The action sequences are pretty brutal. It starts out pretty tame, with the usual ship-to-ship combat. Before all that, though, there's an interesting stand-off. Ejoq and his team come face to face with an enemy fleet. The enemy ships could make short work of Ejoq's team, no problem. But instead they just sit there, quietly hanging in space, locked in a more or less super-threatening stance, and delivering on none of its promises.

What's going on?

Is Ejoq's ship in stealth mode? Is it somehow posing a greater threat than even Ejoq and his team realise? Has something malfunctioned?

It's an uneasy and seemingly inexplicable deadlock, and the process of figuring it out is engrossing. You almost want there to be a poll included with the story. What do YOU think is up with the enemy ships? What should Ejoq and his team do next?

There aren't any absolute answers, in the end, although there is a resolution based on the theories that Ejoq's team devise. They're probably right, and either way everything eventually turns out alright, of course. But it's not without a fight. And it's not without desperation. Things get dicey, and frankly we see some ugly mercenary work. You have to put on your heist visors, the ones that allow you to justify everything done by the Good Guys, even when it involves pulling people's helmets off of them to let them suffocate in zero atmosphere. Big action scenes, action scenes that have a kind of visceral impact. It's different than the anticipation of an outer space stand-off or from the puzzle pieces of paperwork being fit together. Less emotional, more gut-wrenching.

Paperwork

There's a puzzle to the story, of course, because this is Stardrifter. What's the MacGuffin? Who's behind the Two Saints ILLC company that's financed the job? What does the Two Saints ILLC want with the MacGuffin anyway?

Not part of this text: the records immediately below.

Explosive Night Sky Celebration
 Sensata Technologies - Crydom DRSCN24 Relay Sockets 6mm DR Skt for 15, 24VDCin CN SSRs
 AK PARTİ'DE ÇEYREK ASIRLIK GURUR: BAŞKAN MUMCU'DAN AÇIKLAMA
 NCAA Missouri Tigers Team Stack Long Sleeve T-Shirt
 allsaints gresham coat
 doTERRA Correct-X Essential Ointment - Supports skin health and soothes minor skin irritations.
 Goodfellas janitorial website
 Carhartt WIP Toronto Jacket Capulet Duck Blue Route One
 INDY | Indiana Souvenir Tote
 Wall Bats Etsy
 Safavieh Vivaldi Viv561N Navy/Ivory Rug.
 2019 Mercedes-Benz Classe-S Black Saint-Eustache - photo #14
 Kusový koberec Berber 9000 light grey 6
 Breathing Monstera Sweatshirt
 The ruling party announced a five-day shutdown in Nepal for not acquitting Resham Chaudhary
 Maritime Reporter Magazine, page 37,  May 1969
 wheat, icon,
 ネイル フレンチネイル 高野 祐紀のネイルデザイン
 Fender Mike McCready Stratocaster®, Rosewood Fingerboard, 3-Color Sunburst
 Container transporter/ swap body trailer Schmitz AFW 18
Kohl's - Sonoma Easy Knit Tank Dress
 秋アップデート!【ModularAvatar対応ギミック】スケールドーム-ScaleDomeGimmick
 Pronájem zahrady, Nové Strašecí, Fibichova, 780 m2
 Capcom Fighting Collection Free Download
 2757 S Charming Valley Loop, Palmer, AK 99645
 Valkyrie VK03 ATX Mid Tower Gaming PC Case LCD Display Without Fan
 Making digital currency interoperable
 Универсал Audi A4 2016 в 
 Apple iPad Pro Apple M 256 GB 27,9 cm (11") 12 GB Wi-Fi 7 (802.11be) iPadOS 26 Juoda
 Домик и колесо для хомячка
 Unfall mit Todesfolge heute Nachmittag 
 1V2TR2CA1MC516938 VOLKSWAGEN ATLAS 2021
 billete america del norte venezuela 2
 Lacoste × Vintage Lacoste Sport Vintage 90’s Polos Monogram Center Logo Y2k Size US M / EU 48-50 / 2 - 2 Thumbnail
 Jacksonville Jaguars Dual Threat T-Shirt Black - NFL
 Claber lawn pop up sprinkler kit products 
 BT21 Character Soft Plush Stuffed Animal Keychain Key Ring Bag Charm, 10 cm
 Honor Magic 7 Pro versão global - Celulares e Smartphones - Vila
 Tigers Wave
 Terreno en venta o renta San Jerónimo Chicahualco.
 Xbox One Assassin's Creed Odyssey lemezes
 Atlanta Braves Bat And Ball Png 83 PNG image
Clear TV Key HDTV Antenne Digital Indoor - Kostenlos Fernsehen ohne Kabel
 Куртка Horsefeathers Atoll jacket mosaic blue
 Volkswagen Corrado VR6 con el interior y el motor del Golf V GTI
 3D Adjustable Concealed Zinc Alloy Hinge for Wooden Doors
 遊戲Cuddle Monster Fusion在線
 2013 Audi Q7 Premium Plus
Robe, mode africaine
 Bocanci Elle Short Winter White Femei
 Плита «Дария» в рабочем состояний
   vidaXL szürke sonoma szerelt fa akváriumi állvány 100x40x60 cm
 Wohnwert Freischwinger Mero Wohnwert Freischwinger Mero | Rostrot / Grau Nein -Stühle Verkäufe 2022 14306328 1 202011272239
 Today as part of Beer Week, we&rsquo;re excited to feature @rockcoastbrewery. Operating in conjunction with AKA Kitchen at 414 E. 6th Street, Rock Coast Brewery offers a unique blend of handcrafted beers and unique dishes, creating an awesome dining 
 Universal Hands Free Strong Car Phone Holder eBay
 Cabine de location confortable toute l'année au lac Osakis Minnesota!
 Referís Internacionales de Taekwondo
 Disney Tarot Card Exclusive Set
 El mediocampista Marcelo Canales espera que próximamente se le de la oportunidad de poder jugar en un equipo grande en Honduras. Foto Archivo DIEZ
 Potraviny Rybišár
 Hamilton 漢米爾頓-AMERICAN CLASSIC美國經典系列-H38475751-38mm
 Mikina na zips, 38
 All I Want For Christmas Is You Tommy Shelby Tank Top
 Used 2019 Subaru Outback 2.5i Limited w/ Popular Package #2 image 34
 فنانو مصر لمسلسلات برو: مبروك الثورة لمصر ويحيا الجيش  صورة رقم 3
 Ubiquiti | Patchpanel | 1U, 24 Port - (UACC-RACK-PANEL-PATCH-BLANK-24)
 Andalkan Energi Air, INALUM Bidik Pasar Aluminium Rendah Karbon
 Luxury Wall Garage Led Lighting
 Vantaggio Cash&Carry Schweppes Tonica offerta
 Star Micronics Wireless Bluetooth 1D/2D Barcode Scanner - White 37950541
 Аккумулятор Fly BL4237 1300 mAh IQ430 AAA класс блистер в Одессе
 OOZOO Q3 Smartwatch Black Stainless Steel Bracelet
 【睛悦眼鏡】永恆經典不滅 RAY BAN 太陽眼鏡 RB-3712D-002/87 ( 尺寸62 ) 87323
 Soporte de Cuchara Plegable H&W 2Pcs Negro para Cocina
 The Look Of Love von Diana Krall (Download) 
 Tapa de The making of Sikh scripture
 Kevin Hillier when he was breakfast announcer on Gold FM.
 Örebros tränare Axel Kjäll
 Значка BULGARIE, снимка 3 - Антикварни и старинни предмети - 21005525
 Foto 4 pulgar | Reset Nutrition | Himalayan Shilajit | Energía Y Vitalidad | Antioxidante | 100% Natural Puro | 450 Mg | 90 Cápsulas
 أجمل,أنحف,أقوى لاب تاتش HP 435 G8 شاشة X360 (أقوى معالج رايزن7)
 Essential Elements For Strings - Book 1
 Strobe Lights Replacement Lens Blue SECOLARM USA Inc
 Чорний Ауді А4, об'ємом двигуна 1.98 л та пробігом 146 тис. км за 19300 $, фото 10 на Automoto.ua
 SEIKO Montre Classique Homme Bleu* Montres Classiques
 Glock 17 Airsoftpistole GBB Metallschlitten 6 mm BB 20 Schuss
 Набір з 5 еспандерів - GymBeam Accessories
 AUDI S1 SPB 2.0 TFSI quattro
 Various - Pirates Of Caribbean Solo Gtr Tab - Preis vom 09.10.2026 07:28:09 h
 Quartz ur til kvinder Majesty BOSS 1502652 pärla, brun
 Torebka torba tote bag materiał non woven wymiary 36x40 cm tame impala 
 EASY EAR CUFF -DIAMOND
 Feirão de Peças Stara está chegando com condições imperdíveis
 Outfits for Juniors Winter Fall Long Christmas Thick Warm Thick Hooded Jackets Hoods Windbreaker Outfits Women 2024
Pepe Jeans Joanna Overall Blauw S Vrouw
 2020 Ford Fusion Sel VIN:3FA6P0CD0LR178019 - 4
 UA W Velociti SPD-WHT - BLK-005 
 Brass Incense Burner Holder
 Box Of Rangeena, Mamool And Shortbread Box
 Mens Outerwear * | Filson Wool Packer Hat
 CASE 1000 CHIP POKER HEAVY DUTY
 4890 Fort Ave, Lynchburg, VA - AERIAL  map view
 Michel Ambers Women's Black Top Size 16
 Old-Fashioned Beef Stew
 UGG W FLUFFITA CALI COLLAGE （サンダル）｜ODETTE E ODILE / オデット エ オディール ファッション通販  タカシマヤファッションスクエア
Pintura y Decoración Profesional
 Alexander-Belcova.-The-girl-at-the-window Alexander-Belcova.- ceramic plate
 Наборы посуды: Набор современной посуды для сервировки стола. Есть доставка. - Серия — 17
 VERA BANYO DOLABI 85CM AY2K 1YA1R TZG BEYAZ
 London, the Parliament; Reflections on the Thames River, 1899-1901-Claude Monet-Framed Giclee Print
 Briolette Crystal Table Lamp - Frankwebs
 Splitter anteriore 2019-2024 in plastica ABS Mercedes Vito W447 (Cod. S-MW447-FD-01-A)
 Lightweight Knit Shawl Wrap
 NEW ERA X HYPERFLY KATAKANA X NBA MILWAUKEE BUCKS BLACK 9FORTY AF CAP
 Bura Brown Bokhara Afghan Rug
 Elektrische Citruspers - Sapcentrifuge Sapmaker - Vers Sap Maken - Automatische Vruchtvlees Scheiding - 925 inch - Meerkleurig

Piecing it together happens as exposition between the owners of the security company hiring the Shadowrunners, er, Ejoq and his team. They research company records, they call their super-spy contacts, they talk it out until a picture forms. It's the equivalent of Ejoq and Sally in Motherload figuring out why the meaningless techno-babble nano fibres of the battery containment magnet bottle thing is failing. It's like Ejoq and Dieter in Risk Analysis coming up with ways to reroute the techno-babble power conduits with fabricated parts, and even how to order the fabricated parts without raising suspicion. It's all fake, but it feels so authentic. You're sure there's an internal logic to it. Somehow, you just know that there really is only one right solution, and that you just have to help Ejoq get there.

It's not true. It's fiction. When faced with a problem, David could write anything and we'd believe it. It's easy, watch:

"Ejoq, the warp engine core is decaying! She's gonna blow!"

"No problem, Sally, just spray it down with hexabolide 29."

"It worked! You've saved the day again, Ejoq!"

Obviously that kind of fiction is both short and boring, so we accept that the answer has to be more complex. Stardrifter sells that illusion especially well, I think, thanks to the Voices from the Void podcast, which goes into every last detail of the fictional Stardrifter universe. It's like the Star Trek compendiums I used to read as a kid, the ones containing sewing patterns for the uniforms and deck plans for the Enterprise, but never the schematics for a food processor. Stardrifter takes it a step further, though. It's got the schematics for food processors, and the only catch is that you need a bunch of ingredients that don't exist yet to make it work.

The completeness of the Stardrifter illusion is what makes a paperwork puzzle thrilling. Read this story and sincerely enjoy the thrill of small business accounts and invoicing. I promise, it's more exciting than you think.